Upper campus is home to many of the academic and administration buildings including the Phillip Hauge Administration Building, Mortvedt Library, Ramstad Hall and Xavier Hall. In 1964, the Board of Regents engaged Richard Haag—'the father of Northwest Landscape Architecture'—to design the landscape architecture plan for upper campus. Haag is famous for his work on Gas Works Park in Seattle, Washington and on the Bloedel Reserve on Bainbridge Island as well as the Seattle Center.
The Mortvedt Library offers over 260,000 volumes of books as well as over 23,000 full-text journals. The oldest book in the PLU collection is a psalter by Johann Bugenhagen published in 1524. Built in 1937, Xavier Hall served as the library until the Mortvedt Library was built in 1967. Since then the Division of Social Sciences has been housed in Xavier. In 2000 Xavier underwent a $5 million renovation project that saw the addition of the Philip Nordquist Lecture Hall. The University Center is also located on upper campus. This building houses the all-campus cafeteria, called the University Commons, and the Old Main Market. In addition it houses the offices of Campus Ministry, Student Involvement and Leadership, Residential Life, the Diversity Center, the Scandinavian Center, Student Media, Residence Hall Association, the Associated Students of PLU (ASPLU), Dining Services, Conferences and Events, and the Chris Knutzen Lecture Hall.
Along with the academic and administration buildings upper campus also houses PLU's art programs.
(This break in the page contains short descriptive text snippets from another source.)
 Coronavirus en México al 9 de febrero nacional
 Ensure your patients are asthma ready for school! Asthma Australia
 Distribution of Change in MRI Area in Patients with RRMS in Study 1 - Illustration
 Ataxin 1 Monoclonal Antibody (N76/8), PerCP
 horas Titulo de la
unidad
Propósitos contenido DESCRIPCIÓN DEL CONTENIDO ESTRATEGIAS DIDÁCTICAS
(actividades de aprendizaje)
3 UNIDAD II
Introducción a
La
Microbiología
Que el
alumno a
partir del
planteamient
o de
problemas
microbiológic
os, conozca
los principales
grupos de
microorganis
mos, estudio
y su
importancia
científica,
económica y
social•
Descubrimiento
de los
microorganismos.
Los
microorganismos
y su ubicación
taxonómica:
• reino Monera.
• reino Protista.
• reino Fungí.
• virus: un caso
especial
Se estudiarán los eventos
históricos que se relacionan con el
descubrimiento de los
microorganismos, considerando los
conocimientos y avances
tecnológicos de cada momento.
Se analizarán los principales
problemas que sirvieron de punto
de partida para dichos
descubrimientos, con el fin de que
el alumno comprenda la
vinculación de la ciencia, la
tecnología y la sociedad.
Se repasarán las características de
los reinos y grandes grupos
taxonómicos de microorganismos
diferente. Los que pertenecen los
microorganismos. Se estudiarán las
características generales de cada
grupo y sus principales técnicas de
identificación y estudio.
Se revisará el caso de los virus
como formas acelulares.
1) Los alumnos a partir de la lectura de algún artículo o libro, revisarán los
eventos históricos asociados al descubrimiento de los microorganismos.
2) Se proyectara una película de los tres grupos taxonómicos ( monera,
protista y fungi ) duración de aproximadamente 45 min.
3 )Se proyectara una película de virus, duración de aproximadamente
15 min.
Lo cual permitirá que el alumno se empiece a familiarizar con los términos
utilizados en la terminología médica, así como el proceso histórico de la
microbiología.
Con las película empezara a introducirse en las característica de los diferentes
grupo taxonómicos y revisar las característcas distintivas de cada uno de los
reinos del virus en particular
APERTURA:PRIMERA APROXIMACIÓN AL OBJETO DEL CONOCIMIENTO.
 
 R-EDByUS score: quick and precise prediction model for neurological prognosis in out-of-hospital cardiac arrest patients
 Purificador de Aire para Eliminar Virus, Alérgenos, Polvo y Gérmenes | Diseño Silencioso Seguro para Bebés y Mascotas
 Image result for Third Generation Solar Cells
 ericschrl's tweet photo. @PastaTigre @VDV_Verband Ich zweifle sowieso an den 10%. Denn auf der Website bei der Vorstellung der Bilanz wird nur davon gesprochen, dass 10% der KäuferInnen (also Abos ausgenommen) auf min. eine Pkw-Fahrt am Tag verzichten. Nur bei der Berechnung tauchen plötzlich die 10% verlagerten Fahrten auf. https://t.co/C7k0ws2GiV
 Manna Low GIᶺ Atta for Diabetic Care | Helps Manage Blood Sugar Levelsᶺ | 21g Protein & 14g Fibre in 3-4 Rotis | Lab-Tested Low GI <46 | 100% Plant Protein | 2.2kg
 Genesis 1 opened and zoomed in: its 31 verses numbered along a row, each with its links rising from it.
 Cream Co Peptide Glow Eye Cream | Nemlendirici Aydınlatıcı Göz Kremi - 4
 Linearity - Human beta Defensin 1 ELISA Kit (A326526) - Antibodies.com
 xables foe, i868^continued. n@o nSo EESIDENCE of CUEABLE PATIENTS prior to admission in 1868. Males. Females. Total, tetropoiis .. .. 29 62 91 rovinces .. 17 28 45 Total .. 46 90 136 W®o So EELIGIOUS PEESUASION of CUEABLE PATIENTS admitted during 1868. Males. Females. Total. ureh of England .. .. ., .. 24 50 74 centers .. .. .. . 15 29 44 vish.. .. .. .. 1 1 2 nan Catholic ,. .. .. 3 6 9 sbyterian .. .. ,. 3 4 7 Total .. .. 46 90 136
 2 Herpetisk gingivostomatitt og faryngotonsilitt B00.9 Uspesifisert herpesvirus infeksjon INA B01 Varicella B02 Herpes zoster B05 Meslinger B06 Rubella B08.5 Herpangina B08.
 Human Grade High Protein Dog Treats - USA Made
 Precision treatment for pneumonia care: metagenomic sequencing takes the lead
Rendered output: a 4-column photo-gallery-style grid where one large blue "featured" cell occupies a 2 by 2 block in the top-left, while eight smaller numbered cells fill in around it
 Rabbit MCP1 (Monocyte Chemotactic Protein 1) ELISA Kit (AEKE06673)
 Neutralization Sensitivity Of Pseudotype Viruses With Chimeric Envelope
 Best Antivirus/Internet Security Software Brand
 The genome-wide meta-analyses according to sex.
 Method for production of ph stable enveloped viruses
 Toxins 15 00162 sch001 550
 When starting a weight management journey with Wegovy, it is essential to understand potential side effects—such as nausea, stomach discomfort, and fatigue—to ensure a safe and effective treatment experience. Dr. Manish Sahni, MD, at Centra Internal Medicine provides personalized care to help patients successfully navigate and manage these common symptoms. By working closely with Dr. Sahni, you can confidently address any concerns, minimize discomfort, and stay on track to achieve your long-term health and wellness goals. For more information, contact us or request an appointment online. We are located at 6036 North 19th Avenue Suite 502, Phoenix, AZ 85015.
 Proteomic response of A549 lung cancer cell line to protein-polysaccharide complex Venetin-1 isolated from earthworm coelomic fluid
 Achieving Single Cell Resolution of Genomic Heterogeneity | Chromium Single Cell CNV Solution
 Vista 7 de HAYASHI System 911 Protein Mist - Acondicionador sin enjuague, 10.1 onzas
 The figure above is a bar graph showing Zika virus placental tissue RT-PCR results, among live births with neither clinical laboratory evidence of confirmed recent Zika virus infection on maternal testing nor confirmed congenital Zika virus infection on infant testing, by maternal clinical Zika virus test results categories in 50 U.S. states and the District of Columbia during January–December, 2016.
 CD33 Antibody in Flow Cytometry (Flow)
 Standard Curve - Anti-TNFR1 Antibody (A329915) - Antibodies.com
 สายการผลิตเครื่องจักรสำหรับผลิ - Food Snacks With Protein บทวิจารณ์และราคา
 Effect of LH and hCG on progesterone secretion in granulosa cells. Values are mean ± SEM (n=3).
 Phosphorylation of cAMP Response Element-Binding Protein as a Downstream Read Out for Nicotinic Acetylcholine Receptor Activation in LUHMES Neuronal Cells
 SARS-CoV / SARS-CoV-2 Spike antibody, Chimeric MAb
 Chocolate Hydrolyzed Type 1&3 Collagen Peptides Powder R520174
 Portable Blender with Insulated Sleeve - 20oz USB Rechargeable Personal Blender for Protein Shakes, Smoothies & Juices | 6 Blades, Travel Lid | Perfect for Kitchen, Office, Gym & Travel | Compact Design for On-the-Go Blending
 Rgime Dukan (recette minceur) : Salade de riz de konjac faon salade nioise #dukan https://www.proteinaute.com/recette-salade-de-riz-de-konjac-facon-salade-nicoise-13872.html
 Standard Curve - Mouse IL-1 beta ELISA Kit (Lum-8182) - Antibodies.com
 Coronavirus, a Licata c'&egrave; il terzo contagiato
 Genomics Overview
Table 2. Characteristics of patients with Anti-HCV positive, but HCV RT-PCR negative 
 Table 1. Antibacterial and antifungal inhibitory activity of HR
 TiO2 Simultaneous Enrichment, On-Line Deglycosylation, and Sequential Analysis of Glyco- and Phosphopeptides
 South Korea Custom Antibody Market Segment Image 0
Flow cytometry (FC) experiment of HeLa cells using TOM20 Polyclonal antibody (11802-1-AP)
The Mary Baker Russell Music Center was built in 1997 and is the home of PLU's Department of Music. The acoustically impressive and well-known Lagerquist Concert Hall houses the Gottfried and Mary Fuchs Organ (the largest University-based mechanical action organ on the West Coast) as well as state-of-the-art practice and performance facilities. Ingram Hall is home to a communication computer lab, a digital photography/graphic design lab, and studio art classrooms for painting, ceramics, sculpture, photography and printmaking. Ingram boasts two galleries: the University Gallery (which houses major shows and exhibitions) and the Wekell Gallery (which generally houses student and class work). Eastvold Auditorium, formal called Eastvold Chapel, seats 1100 and is the home of PLU Theatre. Eastvold hosts all main stage productions as well as a range of smaller productions throughout the year. In October 2011, PLU Theatre premiered a new addition to its arts department, the Karen H. Phillips Center for the Performing Arts. Named after the former Regent, this space is a symbol of the completion of phase one in Eastvold Auditorium's renovations. Eastvold is set to reopen with a new performing arts center in the fall of 2013.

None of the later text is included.